Copy out the full listing that comes next, exactly.

## Data segment

* * *

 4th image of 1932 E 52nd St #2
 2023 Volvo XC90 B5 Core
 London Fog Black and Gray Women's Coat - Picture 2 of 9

* * *

## Solution below
 4th image of 1932 E 52nd St #2
 2023 Volvo XC90 B5 Core
 London Fog Black and Gray Women's Coat - Picture 2 of 9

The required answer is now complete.